The demon parading as John Debney looked down at the blade, surprised.
“Bet you didn’t think I’d have an iron knife handy, huh?” she asked.
It threw its head back and howled again, louder than before. Then it puffed into a cloud of vaguely human-shaped smoke, that curled up toward the roof.
Pounding on the stairs told Beth that a second demon, the back-up, was on the way, called by the first’s howling.
She looked around quickly. There was no time, not even to grab clothes. As the second demon burst through the ruined doorway she jumped, throwing herself back and out of its way.
The bunker appeared in front of her and she staggered backward to regain her balance as the silk fronts of the gown settled around her. There were a dozen people there, including Zack and Lindal. Everyone looked up at her.
She pulled the dressing gown around her more firmly. “I guess this is home,” she announced to everyone and tucked the knife into the belt.
* * * * *
Aithan, Cora and Rhys arrived barely five minutes later, as Beth was retrieving her long knives from the surgery unit. Aithan wore only jeans and they were open, too. All three of them were breathing heavily. Aithan hastily adjusted his jeans.
Lindal went up to them. “Demon assassin?” he asked.
Cora’s eyes widened. She nodded.
Aithan sighed, looking down at the ground.
Lindal looked at him. “You knew who it was?”
Aithan grimaced. “One I didn’t think would ever side with the real devils. He was an incubus, like me.”

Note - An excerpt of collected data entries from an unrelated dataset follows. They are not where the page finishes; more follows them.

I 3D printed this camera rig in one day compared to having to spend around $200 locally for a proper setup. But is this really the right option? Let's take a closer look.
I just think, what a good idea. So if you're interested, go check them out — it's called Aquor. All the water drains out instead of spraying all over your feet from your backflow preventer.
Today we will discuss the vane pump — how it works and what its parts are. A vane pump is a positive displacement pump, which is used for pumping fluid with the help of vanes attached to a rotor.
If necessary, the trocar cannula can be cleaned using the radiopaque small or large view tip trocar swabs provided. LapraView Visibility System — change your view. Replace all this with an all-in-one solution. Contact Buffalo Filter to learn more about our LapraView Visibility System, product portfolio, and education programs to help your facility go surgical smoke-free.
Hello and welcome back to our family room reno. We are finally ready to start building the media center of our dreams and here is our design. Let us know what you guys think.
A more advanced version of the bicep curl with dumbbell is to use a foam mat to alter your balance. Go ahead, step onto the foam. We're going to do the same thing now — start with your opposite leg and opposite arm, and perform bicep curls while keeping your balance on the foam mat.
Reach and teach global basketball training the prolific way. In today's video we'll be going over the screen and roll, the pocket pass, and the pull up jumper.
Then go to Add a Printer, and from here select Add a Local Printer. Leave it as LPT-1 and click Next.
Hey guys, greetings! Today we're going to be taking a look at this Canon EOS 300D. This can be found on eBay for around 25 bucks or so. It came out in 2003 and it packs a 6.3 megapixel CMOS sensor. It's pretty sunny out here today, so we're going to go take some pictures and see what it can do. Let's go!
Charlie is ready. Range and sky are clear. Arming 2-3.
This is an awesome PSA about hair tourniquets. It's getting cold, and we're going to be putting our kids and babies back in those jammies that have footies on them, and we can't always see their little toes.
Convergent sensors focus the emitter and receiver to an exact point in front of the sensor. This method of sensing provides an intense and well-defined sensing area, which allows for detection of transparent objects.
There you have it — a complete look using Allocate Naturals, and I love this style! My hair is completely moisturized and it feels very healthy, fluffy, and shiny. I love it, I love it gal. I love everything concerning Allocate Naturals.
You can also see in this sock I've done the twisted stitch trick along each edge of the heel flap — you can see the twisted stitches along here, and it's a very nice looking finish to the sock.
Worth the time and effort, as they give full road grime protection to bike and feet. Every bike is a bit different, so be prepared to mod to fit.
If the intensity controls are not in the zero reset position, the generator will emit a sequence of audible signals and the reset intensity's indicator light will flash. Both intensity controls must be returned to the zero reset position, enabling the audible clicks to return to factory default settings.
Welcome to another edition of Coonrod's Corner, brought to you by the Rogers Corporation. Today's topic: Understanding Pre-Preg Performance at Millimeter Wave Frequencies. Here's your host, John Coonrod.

“Sorry,” Lindal said. He was. The civil war forming among demons and their kind as they chose sides wasn’t something he would wish upon any race, including demons. The ill-will and hatred it engendered was far more personal than any emotions that rose from facing an enemy who was a stranger.
Aithan shook his head. “Axel made a choice. All of us have the freedom to choose. That’s more than the vampeen have. I won’t get upset about Axel’s choice. I won’t get upset if I see him on the battlefield and have to run him through, either.”
Lindal patted him on the shoulder. “You three should pick out a corner for yourselves now. I have a feeling you won’t be the last trinity forced to jump away from descending demons.”
Rhys held up his phone and the charger, still attached to it. “Is there somewhere I can plug this in?”
* * * * *
“They’re using demons for human-style information,” Beth told Zack and Lindal, in the little corner by the washrooms, where they had tucked themselves away in order to talk freely. “Demons know how to blend in. They understand the culture. The Internet, the media. They’re the Grimoré’s go-betweens. That’s how they found us. They used human databases to track us down. Plus the demons can go unremarked where a Grimoré or a vampeen would stand out.” She shivered, because she felt cold in the flimsy silk gown, even though the warehouse had environmental controls. The chill was an illusion, yet she would feel much better when she had boots on.